### STORED DATA:

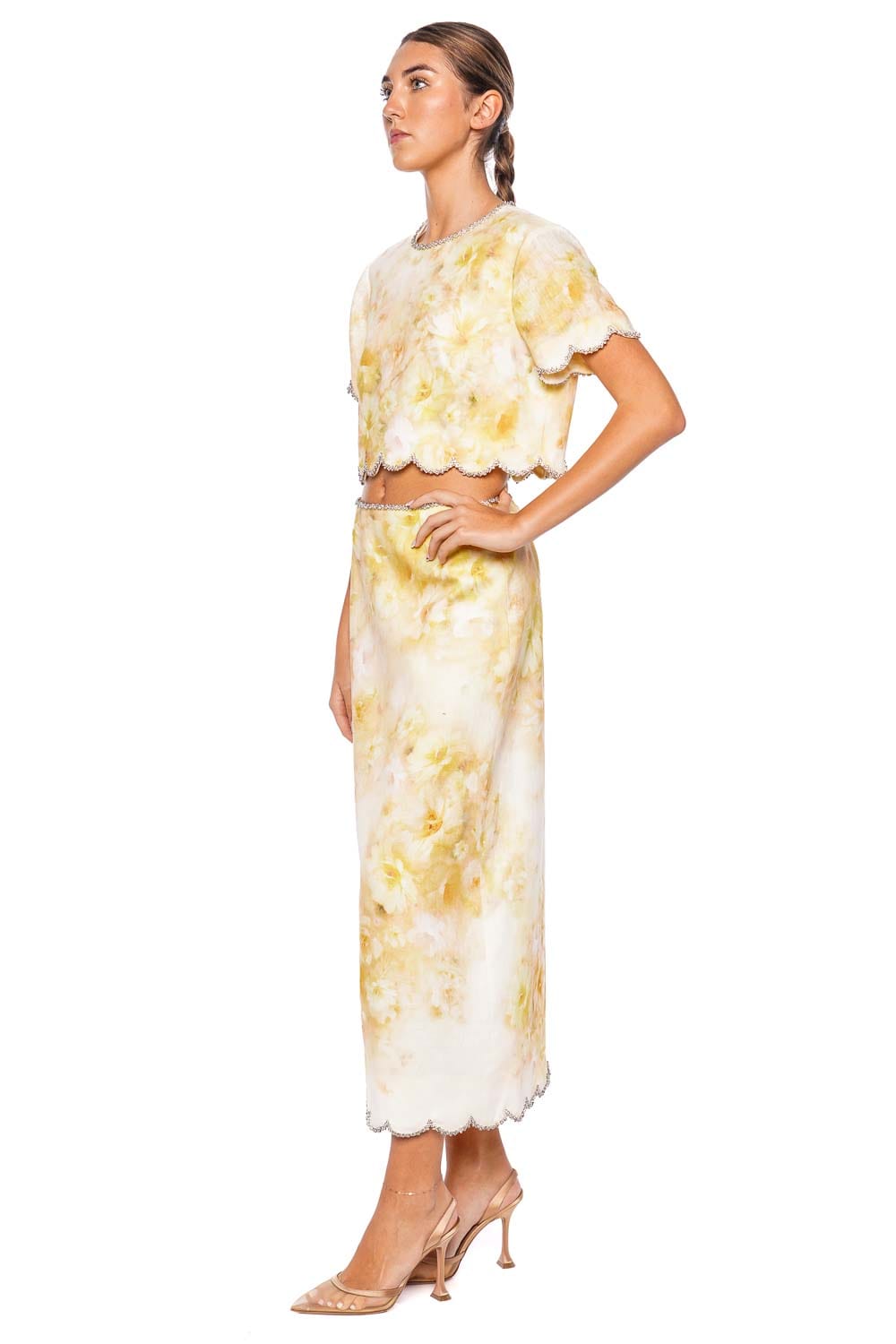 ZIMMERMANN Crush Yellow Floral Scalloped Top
* * *
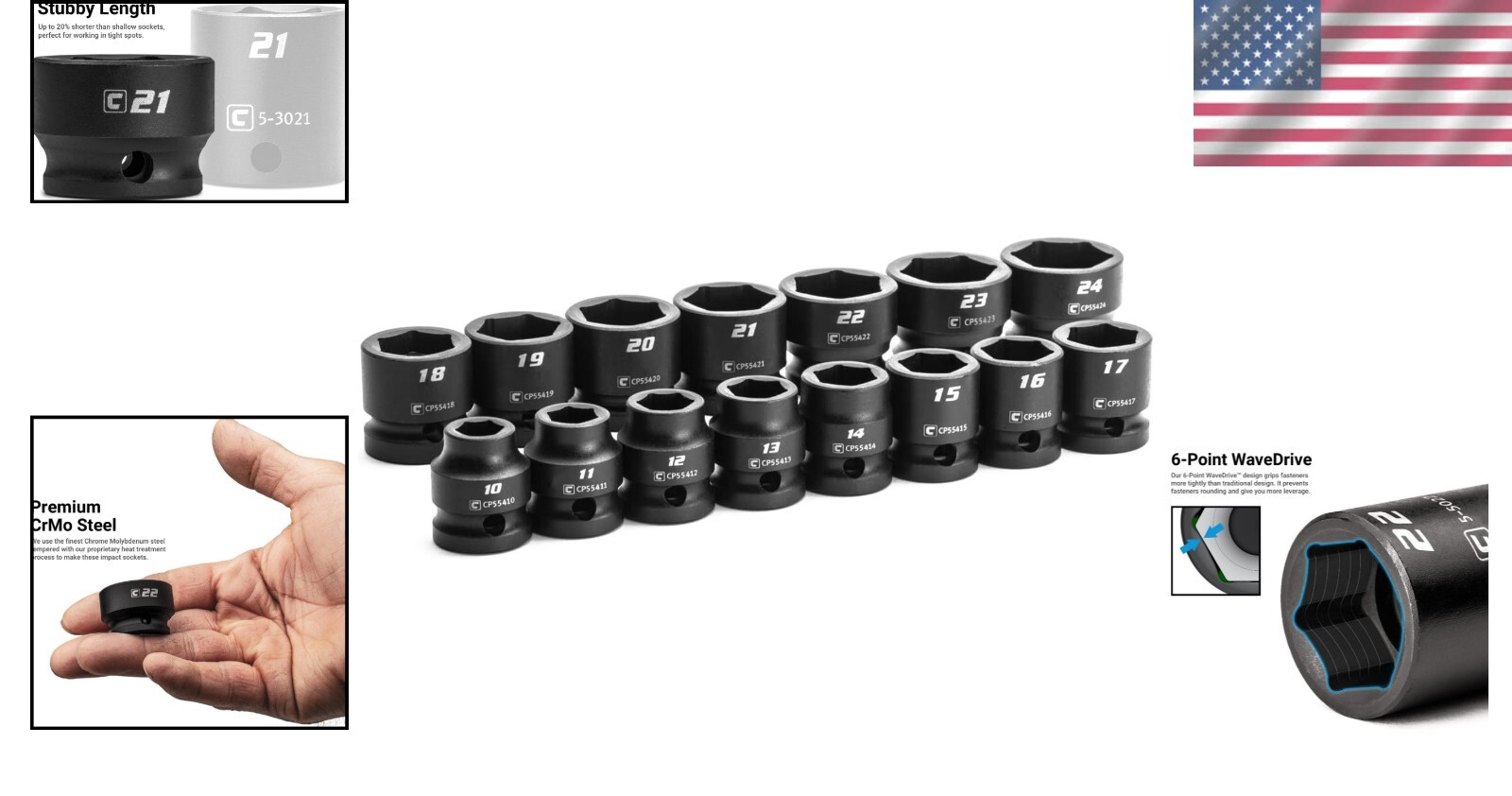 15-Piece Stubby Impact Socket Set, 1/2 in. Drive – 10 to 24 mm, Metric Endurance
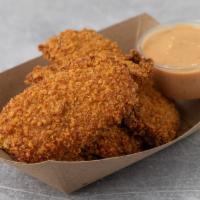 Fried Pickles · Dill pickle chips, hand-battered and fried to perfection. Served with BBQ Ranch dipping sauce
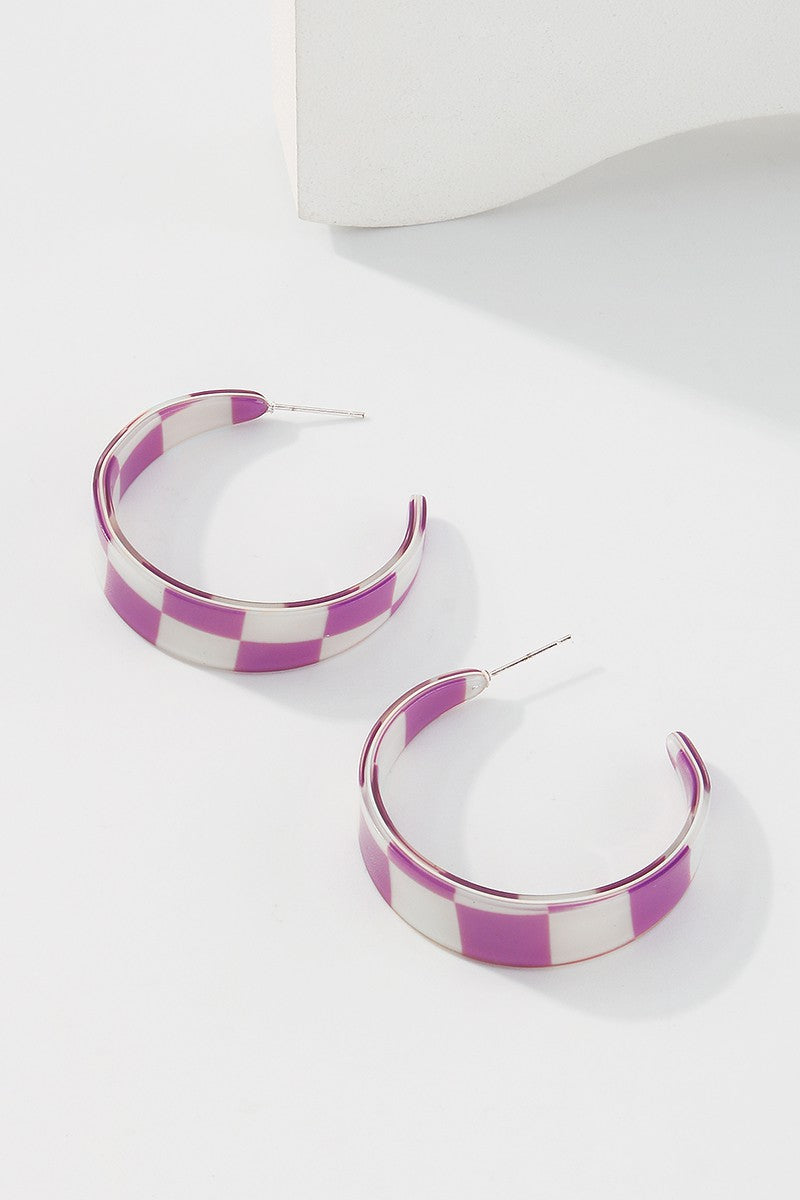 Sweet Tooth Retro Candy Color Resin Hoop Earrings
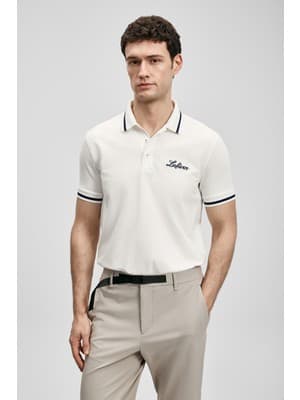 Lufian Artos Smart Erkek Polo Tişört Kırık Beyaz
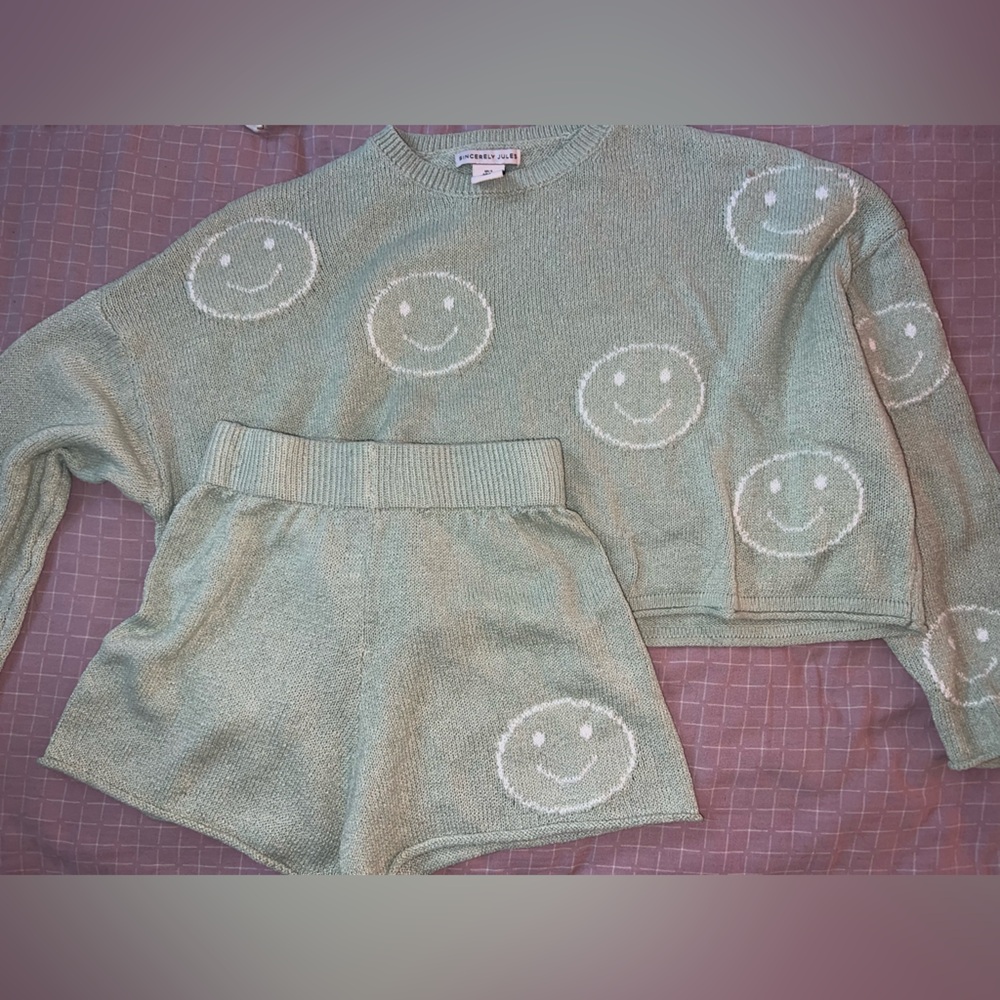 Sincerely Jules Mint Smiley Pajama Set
...
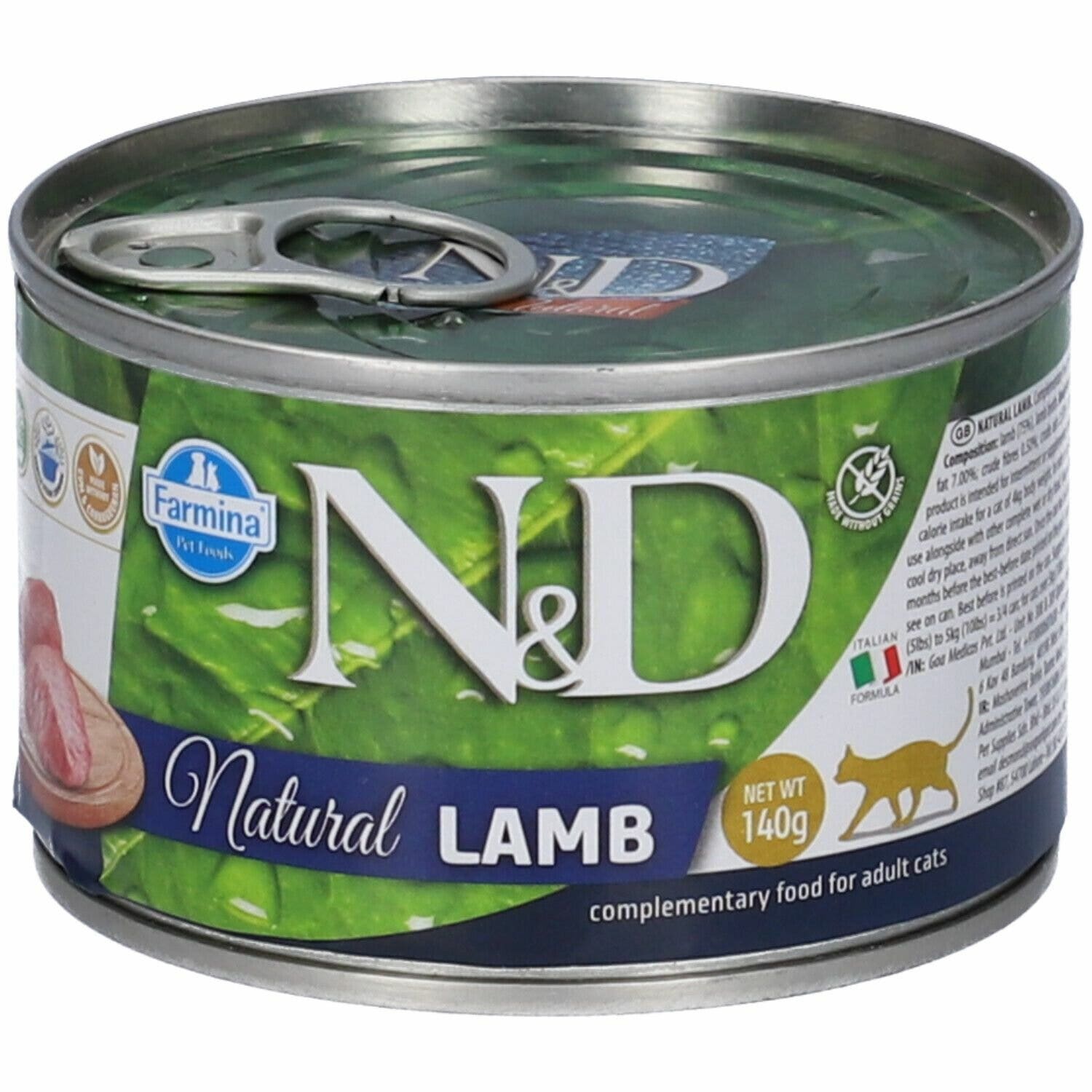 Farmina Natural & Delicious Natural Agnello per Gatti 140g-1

### REQUIRED WORK:
Starting at the line containing "Sweet Tooth Retro" and finishing at the line containing "Sincerely Jules Mint Smiley Pajama Set", return those lines exactly as they appear above, without the pictures.

### ANSWER TO THE EXERCISE:
 Sweet Tooth Retro Candy Color Resin Hoop Earrings
 Lufian Artos Smart Erkek Polo Tişört Kırık Beyaz
 Sincerely Jules Mint Smiley Pajama Set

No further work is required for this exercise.